At any rate Texas A&M have workflows that use MARC::Record for transforming records in their catalog and they need the Unicode support for their new Voyager system. Technically there were very few places where MARC::Record needed to be adjusted. The problem is that the antiquated transmission format for MARC records uses byte lengths in the so called directory, as offsets into the record. MARC::Record uses length() and substr() to create and work with the directory…which works fine when 1 character equals 1 byte. However, Unicode characters can have multiple bytes per character…so the character oriented length() will create faulty record directories, and substr() will extract data from the rest of the record incorrectly.

Fortunately there is the bytes pragma which alters the behavior of various character oriented Perl functions. Unfortunately these functions were added to Perl relatively recently, so this new version of MARC::Record will require Perl >= v5.8.2. Technically it could run on 5.8.1, however I found that the 5.8.1 that ships with OS X 10.3 lacks the bytes::substr(). Not only that but if you try to call a non existent function in the bytes namespace you’ll go into an infinite loop. This is even the case with Perl 5.8.6 as well.

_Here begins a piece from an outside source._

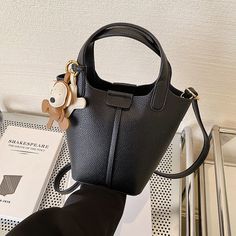 Color: Black Trendy Black Crossbody Bucket Bag, Black Satchel Mobile Phone Bag, Black Bucket Shoulder Bag With Phone Pocket, Black Satchel With Mobile Phone Bag, Black Handheld Shoulder Bag For Shopping, Trendy Black Shoulder Bag For Office, Black Mobile Phone Bag With Double Handle, Black Double Handle Mobile Phone Bag, Black Bucket Bag With Removable Pouch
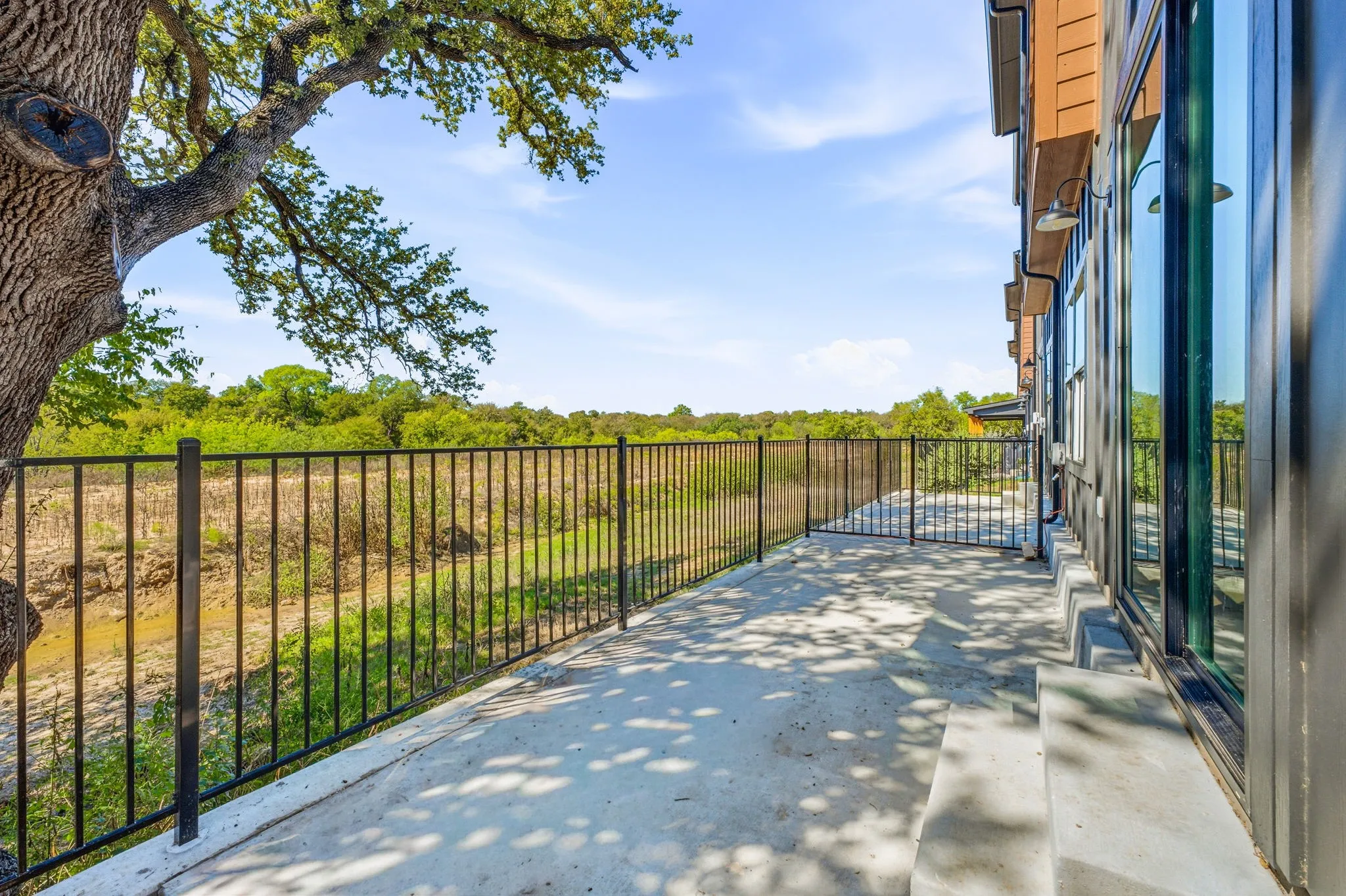 Concrete patio featuring metal perimeter fencing, exterior wall-mounted lighting, and oversized sliding glass doors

All in all I really have come to dislike Perl’s Unicode support. The magical utf8 flag on scalars has a tendency to pop on and off for obscure reasons. And I’ve found the behavior of bytes::length() to be a bit unpredictable. Surely this is because I don’t fully understand the mechanics involved, but judging from the traffic on perl-unicode I’m not the only one who has struggled with it. My experience using unicode in Java and Python has been much more pleasant, and really confirms my decision to move towards doing new work in these languages. Perl has served me well, and there are some things I really love about the language, but these nasty corners are a bit scary.